I am aware, as I write, that before tonight I had lots of judgments about people who choose to have surgery to lose weight. Actually no, that's not true. I didn't, I had judgments about the doctors who offer the surgery. I felt angry that people are being put under the knife before being offered tools and support to change their relationship with food (other than diets!) which might mean they could avoid such major invasive surgery. How many people I wonder, who opt for bariatric surgery, have been offered the opportunity to work on their overeating in a supportive and positive way? How many of them have talked to other people who understand and hear them with compassion about what it's like to live with body hatred, feeling bad about themselves and stuffing those feelings down with yet another pack of crisps? How many of them really know, before they change their digestive system, sometimes irreversibly, that with support and care and encouragement, they could transform their relationship with food and stop overeating...
And this evening I saw things in a different light. Whatever my views about surgery and the alternatives, I met people who have been thrown a life raft. Their stories moved me and I felt a huge amount of respect and admiration for every one of them. They know, as I know, that the surgery offers them a tool, one way to manage their eating and they also know that there's lots of work to do to change their relationship with food once they've undergone the procedure. That the surgery alone is not enough. Without making changes the weight comes back on, just like it always does. When we don't know how to manage the reasons we overeat, when we don't know how to deal with it when every bone in our body wants to eat, when the urge to fill ourselves up with something, anything, is so great, so overwhelming, that it feels as if it controls every fibre of our being, then even a gastric bypass cannot keep the pounds at bay.
The surgery is not THE answer and it does make an enormous difference to some people's lives. It is so easy to judge, to think that people who opt for surgery are taking the easy option. That is definitely not the case. Only those who have been there understand the utter desperation, misery and anguish that accompanies being overweight and/or yoyoing up and down year after year, for decades. The diets fail us, the dietitians, nutritionists, doctors, therapists... they all fail us. None of them offer a realistic, lifelong solution. So where do we go when we reach the end of the road? With stone upon stone to lose?
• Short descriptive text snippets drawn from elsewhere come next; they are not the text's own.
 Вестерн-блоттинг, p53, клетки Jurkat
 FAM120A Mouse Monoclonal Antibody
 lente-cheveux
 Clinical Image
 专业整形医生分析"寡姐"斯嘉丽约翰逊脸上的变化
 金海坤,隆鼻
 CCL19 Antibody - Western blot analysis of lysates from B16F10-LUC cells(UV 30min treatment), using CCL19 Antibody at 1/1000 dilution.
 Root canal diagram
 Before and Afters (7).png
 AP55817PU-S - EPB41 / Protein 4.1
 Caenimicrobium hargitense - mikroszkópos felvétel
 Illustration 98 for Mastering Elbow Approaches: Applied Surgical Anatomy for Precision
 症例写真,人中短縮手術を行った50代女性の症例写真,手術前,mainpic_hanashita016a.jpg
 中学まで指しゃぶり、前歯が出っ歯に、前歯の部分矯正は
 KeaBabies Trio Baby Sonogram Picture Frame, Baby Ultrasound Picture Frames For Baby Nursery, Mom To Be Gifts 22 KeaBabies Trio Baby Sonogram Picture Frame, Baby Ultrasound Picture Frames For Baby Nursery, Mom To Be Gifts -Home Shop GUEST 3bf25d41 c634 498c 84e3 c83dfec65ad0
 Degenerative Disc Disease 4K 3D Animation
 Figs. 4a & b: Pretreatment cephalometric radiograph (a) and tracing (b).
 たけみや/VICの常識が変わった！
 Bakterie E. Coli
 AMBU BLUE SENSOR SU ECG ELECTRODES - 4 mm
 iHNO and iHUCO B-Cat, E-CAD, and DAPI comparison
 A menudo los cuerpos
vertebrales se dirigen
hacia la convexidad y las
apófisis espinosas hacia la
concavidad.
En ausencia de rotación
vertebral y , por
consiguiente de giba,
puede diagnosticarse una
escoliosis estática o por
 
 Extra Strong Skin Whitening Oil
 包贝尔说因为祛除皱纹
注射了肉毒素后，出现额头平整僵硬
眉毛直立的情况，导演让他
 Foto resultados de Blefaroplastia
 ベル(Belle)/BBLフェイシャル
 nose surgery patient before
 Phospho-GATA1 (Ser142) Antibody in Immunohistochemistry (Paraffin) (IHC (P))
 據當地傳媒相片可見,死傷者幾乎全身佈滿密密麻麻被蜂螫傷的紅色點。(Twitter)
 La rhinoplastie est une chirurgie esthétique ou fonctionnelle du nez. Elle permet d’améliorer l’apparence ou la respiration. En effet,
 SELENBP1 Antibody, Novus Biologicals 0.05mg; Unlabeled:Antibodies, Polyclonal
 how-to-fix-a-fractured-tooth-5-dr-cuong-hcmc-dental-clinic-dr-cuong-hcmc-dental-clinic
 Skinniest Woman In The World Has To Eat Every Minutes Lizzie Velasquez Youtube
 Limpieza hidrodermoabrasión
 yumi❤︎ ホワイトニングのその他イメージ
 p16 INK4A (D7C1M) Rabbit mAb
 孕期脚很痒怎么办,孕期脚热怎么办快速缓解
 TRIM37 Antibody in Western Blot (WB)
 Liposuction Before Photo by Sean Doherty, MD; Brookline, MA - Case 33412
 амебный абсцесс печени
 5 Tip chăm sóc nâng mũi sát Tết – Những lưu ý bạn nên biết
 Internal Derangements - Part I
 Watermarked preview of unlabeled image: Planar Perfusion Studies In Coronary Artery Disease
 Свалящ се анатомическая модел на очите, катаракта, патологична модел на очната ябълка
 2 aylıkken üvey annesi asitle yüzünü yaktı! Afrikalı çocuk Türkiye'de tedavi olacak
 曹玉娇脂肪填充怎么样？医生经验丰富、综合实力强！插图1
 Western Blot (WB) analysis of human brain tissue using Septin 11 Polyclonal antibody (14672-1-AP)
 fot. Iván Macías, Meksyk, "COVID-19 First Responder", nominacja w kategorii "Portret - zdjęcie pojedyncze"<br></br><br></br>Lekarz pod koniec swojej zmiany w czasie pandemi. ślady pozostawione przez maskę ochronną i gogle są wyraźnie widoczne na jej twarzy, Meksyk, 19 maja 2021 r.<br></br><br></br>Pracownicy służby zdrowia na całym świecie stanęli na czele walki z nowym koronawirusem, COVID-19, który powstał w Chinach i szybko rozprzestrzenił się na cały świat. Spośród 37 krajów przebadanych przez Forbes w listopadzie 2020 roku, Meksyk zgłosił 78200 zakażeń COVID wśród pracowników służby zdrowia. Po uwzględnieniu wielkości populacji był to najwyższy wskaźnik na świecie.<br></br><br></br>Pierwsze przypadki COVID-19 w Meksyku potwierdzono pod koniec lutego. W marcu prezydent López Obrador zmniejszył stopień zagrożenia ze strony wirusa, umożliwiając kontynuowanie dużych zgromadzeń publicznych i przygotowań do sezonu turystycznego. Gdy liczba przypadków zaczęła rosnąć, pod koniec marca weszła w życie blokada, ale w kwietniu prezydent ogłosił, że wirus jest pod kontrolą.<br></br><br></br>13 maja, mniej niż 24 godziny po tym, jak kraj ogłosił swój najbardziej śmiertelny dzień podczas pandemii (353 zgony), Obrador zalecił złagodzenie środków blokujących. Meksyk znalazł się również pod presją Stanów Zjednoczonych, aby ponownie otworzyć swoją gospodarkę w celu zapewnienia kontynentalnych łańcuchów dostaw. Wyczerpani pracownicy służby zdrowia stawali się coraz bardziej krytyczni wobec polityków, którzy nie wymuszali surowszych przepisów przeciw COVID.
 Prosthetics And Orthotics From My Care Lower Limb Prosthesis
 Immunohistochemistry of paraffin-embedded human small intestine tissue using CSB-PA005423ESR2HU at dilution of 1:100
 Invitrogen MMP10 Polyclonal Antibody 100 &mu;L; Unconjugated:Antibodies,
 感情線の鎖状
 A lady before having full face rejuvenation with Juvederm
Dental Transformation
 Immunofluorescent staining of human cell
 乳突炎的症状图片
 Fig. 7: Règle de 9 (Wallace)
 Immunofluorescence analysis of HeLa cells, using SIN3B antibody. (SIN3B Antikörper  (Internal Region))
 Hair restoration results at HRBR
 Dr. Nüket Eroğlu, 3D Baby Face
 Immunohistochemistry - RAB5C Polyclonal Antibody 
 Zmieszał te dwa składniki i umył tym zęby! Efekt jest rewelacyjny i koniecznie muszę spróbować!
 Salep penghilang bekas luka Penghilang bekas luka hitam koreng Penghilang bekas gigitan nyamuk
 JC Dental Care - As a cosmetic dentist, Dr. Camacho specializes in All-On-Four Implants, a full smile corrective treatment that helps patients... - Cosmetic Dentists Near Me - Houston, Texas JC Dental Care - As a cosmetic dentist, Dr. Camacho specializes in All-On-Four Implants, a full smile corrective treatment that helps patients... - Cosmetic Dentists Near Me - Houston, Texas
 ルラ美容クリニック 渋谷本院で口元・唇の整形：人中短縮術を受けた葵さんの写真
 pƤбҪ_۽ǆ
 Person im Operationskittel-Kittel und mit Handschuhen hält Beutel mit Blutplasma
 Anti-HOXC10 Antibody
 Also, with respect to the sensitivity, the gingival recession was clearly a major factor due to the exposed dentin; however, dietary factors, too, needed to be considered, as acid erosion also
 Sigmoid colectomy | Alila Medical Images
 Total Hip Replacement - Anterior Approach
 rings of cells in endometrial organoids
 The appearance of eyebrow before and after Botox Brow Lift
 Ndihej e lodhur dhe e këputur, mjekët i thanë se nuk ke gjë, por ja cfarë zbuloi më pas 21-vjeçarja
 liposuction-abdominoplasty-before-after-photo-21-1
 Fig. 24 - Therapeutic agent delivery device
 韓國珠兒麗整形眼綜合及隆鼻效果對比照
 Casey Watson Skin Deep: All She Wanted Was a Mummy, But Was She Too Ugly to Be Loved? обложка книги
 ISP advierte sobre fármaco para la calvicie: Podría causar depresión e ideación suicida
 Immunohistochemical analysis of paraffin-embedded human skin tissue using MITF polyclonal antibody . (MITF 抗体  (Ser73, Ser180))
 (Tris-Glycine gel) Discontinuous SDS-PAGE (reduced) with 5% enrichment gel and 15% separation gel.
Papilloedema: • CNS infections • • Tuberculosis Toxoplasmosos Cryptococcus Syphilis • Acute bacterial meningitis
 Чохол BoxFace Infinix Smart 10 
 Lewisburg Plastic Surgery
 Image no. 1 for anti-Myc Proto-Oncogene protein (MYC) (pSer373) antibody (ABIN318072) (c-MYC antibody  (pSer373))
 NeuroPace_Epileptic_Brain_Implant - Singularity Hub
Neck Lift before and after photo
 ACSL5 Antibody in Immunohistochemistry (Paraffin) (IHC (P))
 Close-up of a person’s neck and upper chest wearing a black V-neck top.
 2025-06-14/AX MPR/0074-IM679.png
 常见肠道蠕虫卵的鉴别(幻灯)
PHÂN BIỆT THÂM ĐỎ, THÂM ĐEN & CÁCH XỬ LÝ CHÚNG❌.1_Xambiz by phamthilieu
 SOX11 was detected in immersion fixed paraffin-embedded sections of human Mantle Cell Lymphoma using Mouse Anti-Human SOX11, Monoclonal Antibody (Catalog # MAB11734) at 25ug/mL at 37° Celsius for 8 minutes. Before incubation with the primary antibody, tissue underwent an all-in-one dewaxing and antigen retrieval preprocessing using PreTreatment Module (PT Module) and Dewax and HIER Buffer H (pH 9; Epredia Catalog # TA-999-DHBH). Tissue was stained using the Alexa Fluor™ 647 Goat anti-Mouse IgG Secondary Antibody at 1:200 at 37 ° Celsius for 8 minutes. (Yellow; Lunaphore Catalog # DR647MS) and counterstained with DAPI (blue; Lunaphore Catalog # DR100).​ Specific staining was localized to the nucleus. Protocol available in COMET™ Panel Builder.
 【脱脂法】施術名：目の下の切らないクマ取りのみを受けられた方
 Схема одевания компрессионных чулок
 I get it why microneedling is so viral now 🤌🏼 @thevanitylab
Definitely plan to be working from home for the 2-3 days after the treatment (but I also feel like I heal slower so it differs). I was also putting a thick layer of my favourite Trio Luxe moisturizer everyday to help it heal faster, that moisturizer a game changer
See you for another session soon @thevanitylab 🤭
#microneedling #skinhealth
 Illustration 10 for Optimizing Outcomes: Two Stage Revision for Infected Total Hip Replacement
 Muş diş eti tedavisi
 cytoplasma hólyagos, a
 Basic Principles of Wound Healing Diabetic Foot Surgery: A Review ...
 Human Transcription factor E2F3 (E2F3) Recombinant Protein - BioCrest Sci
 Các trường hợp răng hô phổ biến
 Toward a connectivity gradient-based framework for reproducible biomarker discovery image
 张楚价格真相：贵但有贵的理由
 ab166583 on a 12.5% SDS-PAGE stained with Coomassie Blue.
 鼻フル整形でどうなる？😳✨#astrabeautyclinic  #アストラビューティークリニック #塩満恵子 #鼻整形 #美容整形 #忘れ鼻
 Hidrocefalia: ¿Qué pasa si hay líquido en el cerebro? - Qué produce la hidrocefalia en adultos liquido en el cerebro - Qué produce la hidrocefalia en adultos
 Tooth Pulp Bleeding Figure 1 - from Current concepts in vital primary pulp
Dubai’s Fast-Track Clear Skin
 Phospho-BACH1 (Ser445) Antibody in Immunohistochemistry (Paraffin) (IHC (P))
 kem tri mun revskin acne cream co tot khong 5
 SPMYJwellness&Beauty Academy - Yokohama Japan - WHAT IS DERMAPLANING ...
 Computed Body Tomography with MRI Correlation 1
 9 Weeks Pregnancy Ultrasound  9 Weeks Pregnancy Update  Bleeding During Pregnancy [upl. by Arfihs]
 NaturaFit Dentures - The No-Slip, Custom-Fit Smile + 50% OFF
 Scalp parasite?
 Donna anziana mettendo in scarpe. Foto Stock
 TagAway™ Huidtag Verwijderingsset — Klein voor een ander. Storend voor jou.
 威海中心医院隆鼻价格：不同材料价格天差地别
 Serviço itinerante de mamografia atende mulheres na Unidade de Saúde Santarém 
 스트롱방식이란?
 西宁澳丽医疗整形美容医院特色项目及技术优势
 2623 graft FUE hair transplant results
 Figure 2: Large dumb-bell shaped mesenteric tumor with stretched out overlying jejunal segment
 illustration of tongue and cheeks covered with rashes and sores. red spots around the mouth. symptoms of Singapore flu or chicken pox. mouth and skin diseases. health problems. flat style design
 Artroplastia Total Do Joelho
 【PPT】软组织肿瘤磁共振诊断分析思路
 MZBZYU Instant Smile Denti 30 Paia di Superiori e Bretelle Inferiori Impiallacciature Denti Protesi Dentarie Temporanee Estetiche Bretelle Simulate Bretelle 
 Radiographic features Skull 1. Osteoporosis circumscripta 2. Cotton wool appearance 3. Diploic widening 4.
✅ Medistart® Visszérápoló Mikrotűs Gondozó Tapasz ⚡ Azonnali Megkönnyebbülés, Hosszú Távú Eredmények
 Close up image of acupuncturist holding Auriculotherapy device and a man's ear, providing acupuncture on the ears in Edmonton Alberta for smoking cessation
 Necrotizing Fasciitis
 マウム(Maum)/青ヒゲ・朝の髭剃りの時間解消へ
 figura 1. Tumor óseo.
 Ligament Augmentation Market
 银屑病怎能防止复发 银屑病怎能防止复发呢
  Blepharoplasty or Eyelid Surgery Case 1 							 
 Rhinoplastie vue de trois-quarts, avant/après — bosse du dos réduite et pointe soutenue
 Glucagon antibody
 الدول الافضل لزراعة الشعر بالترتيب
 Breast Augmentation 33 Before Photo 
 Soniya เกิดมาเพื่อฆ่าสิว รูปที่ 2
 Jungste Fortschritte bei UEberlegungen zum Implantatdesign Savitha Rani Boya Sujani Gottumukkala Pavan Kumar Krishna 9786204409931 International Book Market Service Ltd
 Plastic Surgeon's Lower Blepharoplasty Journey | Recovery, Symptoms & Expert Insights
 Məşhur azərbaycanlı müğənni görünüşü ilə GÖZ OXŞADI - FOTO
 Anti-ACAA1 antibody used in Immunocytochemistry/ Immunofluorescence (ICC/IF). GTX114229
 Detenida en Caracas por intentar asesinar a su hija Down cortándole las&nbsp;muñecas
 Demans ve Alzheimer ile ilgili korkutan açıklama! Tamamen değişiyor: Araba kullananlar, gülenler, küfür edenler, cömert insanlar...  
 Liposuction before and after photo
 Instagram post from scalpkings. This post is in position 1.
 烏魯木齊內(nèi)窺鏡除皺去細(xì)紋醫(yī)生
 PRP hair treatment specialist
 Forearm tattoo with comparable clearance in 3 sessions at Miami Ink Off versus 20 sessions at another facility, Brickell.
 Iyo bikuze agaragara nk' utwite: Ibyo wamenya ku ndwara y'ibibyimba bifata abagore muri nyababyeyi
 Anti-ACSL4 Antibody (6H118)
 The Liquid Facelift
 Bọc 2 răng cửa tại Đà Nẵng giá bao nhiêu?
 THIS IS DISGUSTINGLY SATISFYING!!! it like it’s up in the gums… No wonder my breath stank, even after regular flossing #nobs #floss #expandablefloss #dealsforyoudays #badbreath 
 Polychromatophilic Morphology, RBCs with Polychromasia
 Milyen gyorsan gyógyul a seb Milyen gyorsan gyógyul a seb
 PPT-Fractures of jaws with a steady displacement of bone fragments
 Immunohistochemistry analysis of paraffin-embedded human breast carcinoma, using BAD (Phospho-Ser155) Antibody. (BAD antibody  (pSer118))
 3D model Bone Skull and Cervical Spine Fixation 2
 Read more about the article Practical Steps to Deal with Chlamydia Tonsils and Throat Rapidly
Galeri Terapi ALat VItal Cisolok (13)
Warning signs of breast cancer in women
Beyond Chocolate offers people hope, not just because we look at our relationship with food from every angle; what we eat, how we eat, why we eat... we look at emotional eating and body image, we deal with exercise and healthy eating. And we do all that with kindness and compassion. We don't patronise people - we know that they know everything there is to know about food and diets what they 'should' or shouldn't eat. They could probably write a book about it! We don't just offer a one dimensional fix. We show people exactly how to change the way they eat in a way that is sustainable and real. Gradually, one step at a time. And sadly Beyond Chocolate and it's cousins (the few that exist out there) are not offered to people by GPs because we have not yet had the financial good fortune to invest in research to 'prove' that what we do works. While GPs reluctantly or happily refer people to the good old slimming clubs (who can afford the glossy brochures and so called research showing how much weight people lose - but not how much they invariably regain!), we remain the prerogative of those who can afford to pay and have the good fortune to come across us or hear about us through word of mouth or on the internet. We're working on it! Slowly but surely we are gaining ground. We'll get there.
We are committed and passionate about empowering women (and men) to know and trust their bodies and to taste the freedom that comes from a healthy balanced relationship with food. And that means anyone, however they choose to support themselves, including bariatric surgery.
I am so grateful to have been invited to speak at the BOSPA meeting tonight. I left feeling moved, honored and much better informed and with huge admiration for all the participants and Georgina, the woman who runs such a supportive and encouraging group.